Этот эпизод традиционно комментируют [1; 4; 5; 10] в связи с темой слухов, сплетен, клеветы, занимающей в творчестве Пушкина очень важное место. Как и А. С. Грибоедов, который в комедии «Горе от ума» показывает зловещую силу так называемого общественного мнения, замешанного на клевете, Пушкин в целом ряде своих произведений говорит о том, как рождаются представления толпы о самых разных людях и предметах, на чём основывается выносимый ею приговор. Так, автор берет под защиту Онегина, навлекшего на себя гнев света:
- Зачем же так неблагосклонно
Вы отзываетесь о нем?
За то ль, что мы неугомонно
Хлопочем, судим обо всем...
Что слишком часто разговоры
Принять мы рады за дела,
Что глупость ветрена и зла,
Что важным людям важны вздоры
И что посредственность одна
Нам по плечу и не странна [8, с. 145]?
Во второй части стихотворения «Воспоминание» («Когда для смертного умолкнет шумный день») Пушкин, предаваясь мыслям о минувшем, определяет светскую клевету с помощью необыкновенно яркого оксюморона: «...жужжанье клеветы, решенья глупости лукавой, и шепот зависти, и легкой суеты укор веселый и кровавый» [7, с. 417].
За внешне безобидной болтовней праздных завсегдатаев салонов обнаруживается убийственный яд.
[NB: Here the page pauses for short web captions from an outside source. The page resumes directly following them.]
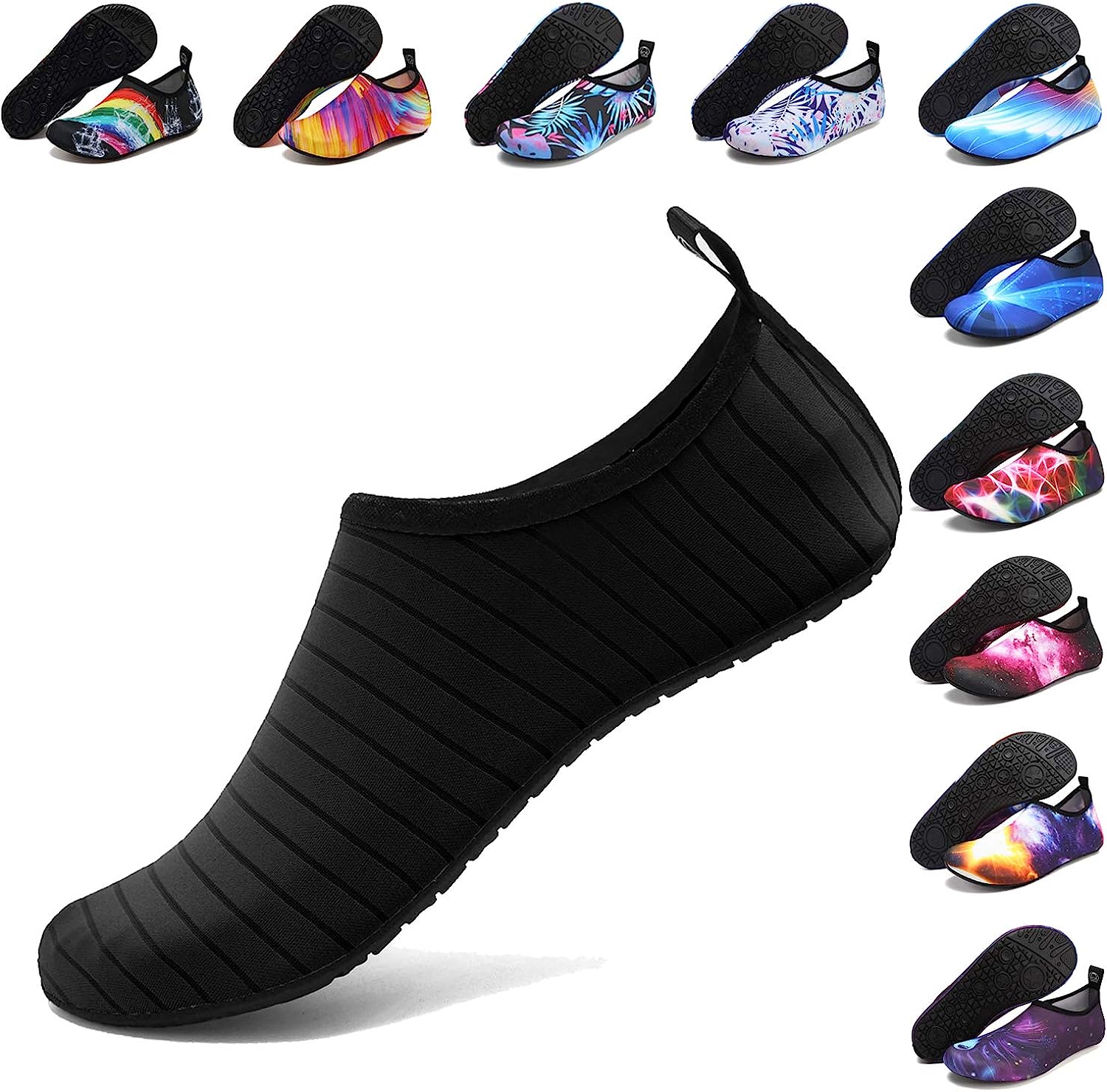 ANLUKE Water Shoes Barefoot Aqua Yoga Socks Quick-Dry [...]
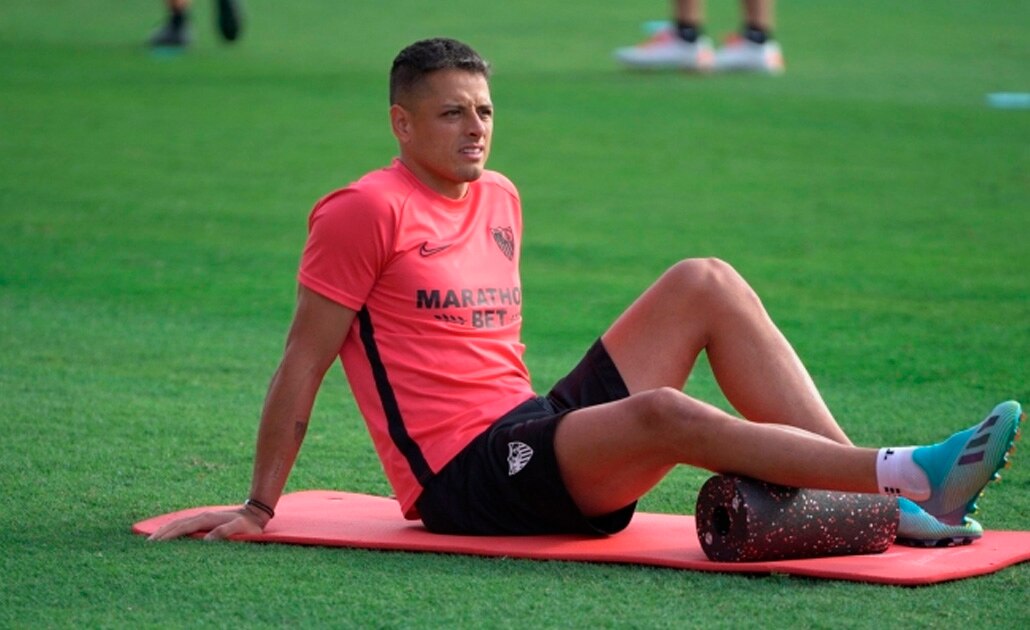 ¿Está listo 'Chicharito' Hernández para debutar con el Sevilla?
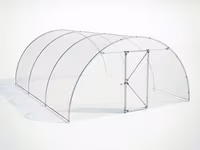 Теплица профессиональная Demetra Italia, 45 м2, 10-4.5-2.5 м G3 — photo 1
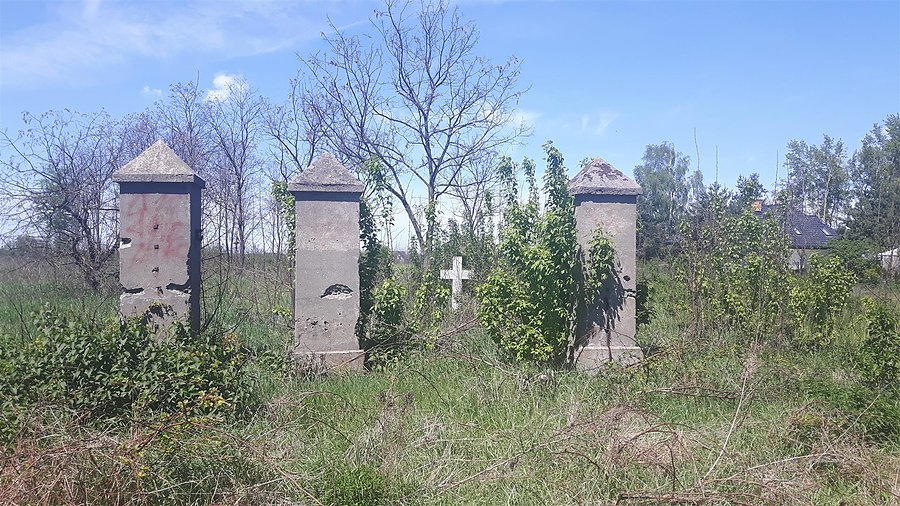 Zagadkowe miejsce ul. Polna, Radzymin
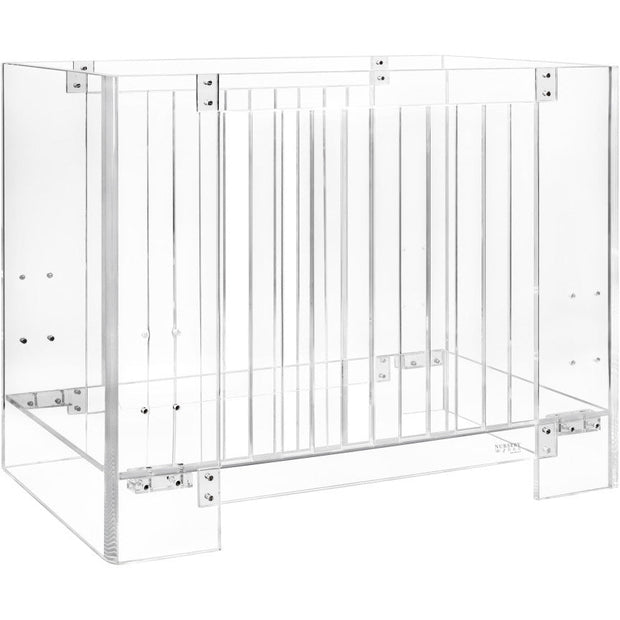 Nursery Works Vetro Mini Crib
Как известно, сам Пушкин был готов стреляться с Толстым-американцем за распространение слухов о том, что поэта будто бы высекли в тайной канцелярии.
В «Пиковой даме» тема слухов, сплетен, молвы затронута не только в эпизоде с камергером и англичанином, она пронизывает все повествование. Само свидетельство о трех картах, способных выиграть подряд, принадлежит к зыбкой сфере преданий, анекдотов: «Анекдот о трех картах сильно подействовал на его воображение» [9, с. 219]. Томский рассказывал, что некогда, получив от графа Сен-Жермена тайну, «за которую всякий из нас дорого бы дал» [Там же, с. 212], графиня с помощью трех карт отыгралась в Версале сама и позже открылась молодому моту, помогла ему, предсказав таинственные карты: «Покойный Чаплицкий, тот самый, который умер в нищете, промотав миллионы, однажды в молодости своей проиграл - помнится Зоричу - около трехсот тысяч. Он был в отчаянии. Бабушка, которая всегда была строга к шалостям молодых людей, как-то сжалилась над Чаплицким. Она дала ему три карты, с тем, чтоб он поставил их одну за другою, и взяла с него честное слово впредь уже никогда не играть. Чаплицкий явился к своему победителю: они сели играть. Чаплиц-кий поставил на первую карту пятьдесят тысяч и выиграл соника; загнул пароли, пароли-пе, - отыгрался и остался еще в выигрыше...» [Там же, с. 213]. С другой стороны, старуха, вопрошаемая Германном, называет все это шуткой: «Графиня, казалось, поняла, чего от нее требовали; казалось, она искала слов для своего ответа.
- Это была шутка, - сказала она наконец, - клянусь вам! это была шутка!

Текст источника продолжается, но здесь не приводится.